[RECORDS SUPPLIED]

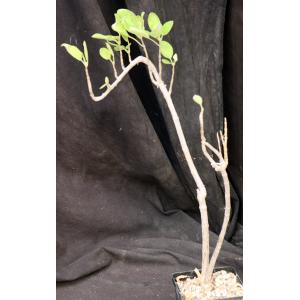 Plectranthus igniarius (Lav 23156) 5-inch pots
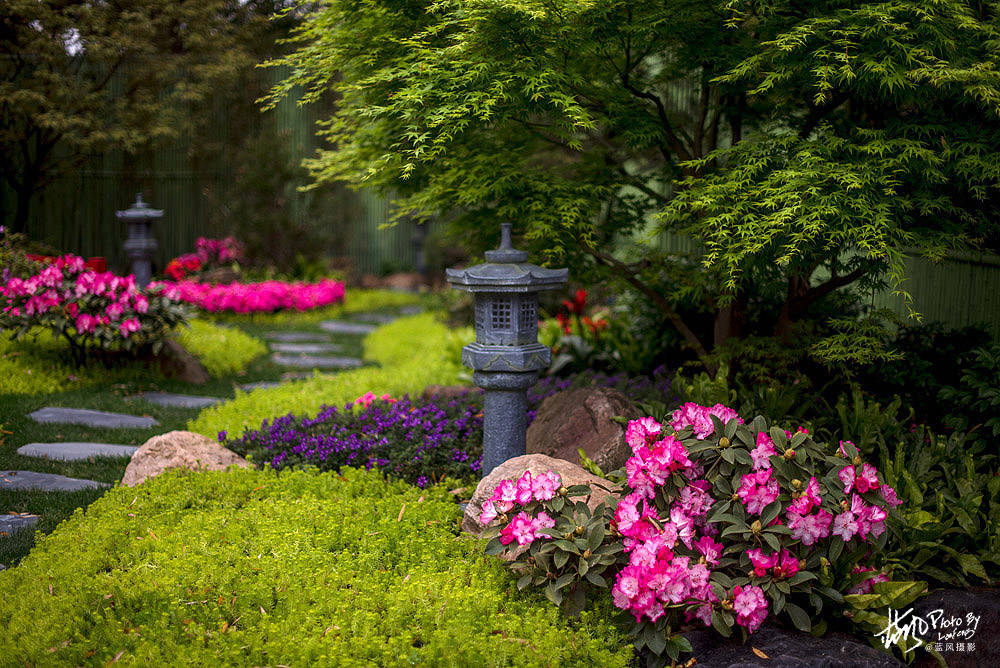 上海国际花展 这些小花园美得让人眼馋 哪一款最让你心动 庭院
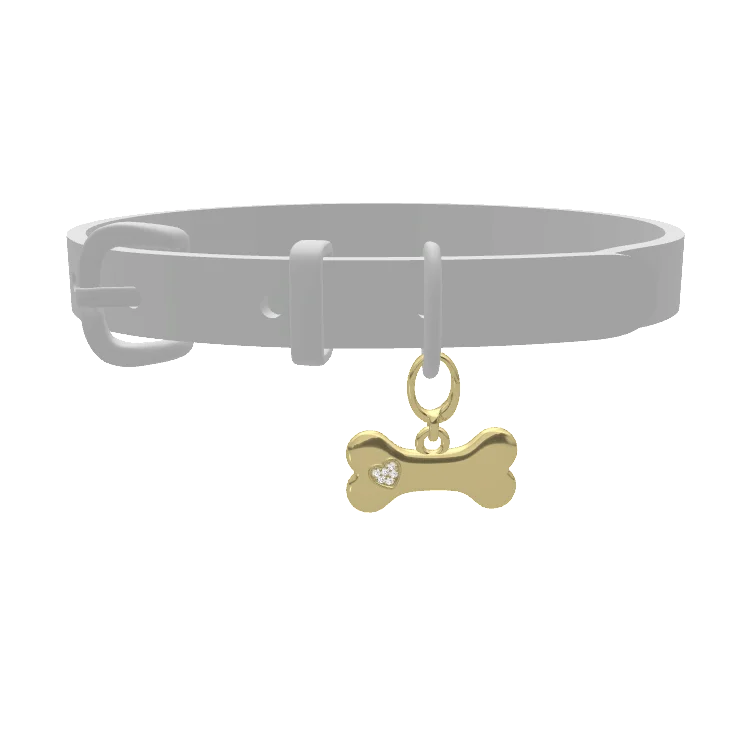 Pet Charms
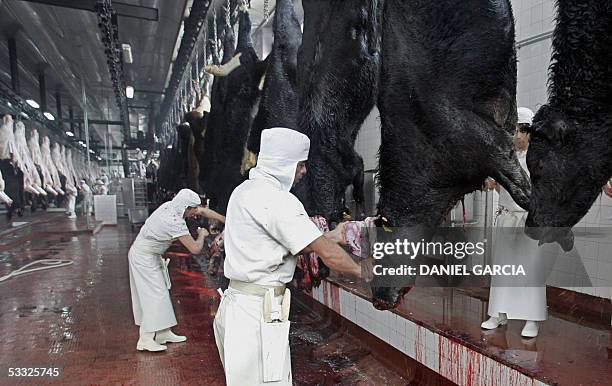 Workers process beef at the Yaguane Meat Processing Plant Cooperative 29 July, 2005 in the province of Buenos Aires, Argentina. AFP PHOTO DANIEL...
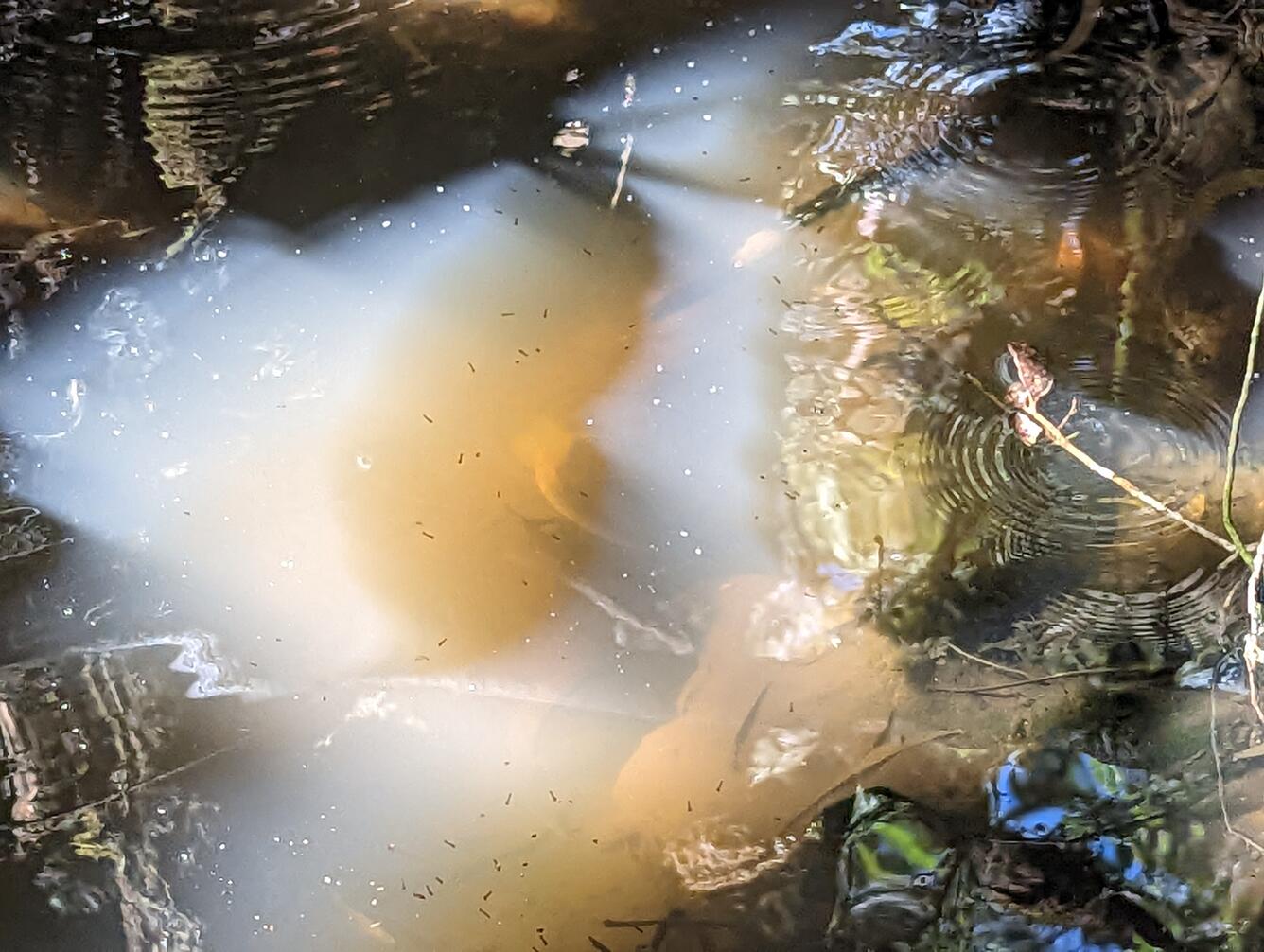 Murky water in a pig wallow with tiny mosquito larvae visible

[/RECORDS SUPPLIED]

= EXERCISE BRIEF =
Starting with the line that holds "Workers process beef", copy every line exactly through the final line of the material, but skip the pictures.

= SOLUTION TO THIS EXERCISE =
 Workers process beef at the Yaguane Meat Processing Plant Cooperative 29 July, 2005 in the province of Buenos Aires, Argentina. AFP PHOTO DANIEL...
 Murky water in a pig wallow with tiny mosquito larvae visible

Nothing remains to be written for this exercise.